Our summary point is that the association believes strongly that agriculture can lead economic recovery. Food Harvest 2020 has set the target for what we deem to be an historic new era. The training and education of young people going into farming, at whatever level, are key. In other words, human capacity will be vital to succeed in achieving the Food Harvest 2020 targets. A number of barriers must be removed, mainly to access land and encourage its use. This can be done through flexible arrangements and joint ventures. We need a proactive taxation policy approach and must support young trained farmers.

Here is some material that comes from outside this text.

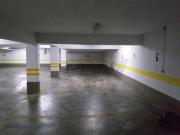 Parqueamento em zona central de Mem Martins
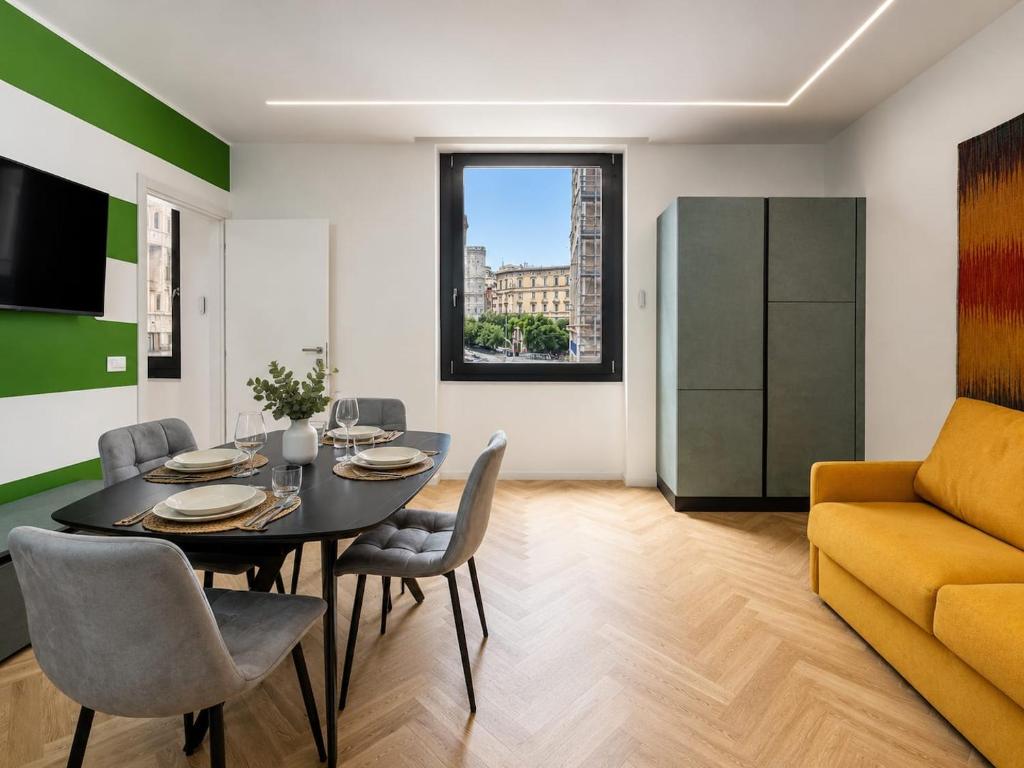 Luxury Apartment Piazza Dante - Design & Vista Centro - 3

In summary, we suggest that if we do a few things that we will outline, it is possible to create jobs in farming, stimulate rural development and communities and promote economic recovery.

The first slide points to the importance of agriculture in the economy. It is the primary indigenous sector, with 150,000 people employed in it, and an annual output of €24 billion, as stated in the Food Harvest 2020 document. Agriculture will continue to play a crucial role and Food Harvest 2020 sets out the growth plan for a new era in agriculture. Achieving the Food Harvest 2020 targets will require highly trained and specialised young farmers, greater land use through access and flexibility arrangements and support for young people who start farming. It will be dependent on the capacity of farmers, managers and labour working on farms to deliver to the standards required. The key issue is access to land and facilities as it is a barrier. The regulatory environment in farming must favour young, skilled and progressive farmers. Our taxation policy must be pro-farm development, pro-productivity, pro-efficiency and promote the use of land.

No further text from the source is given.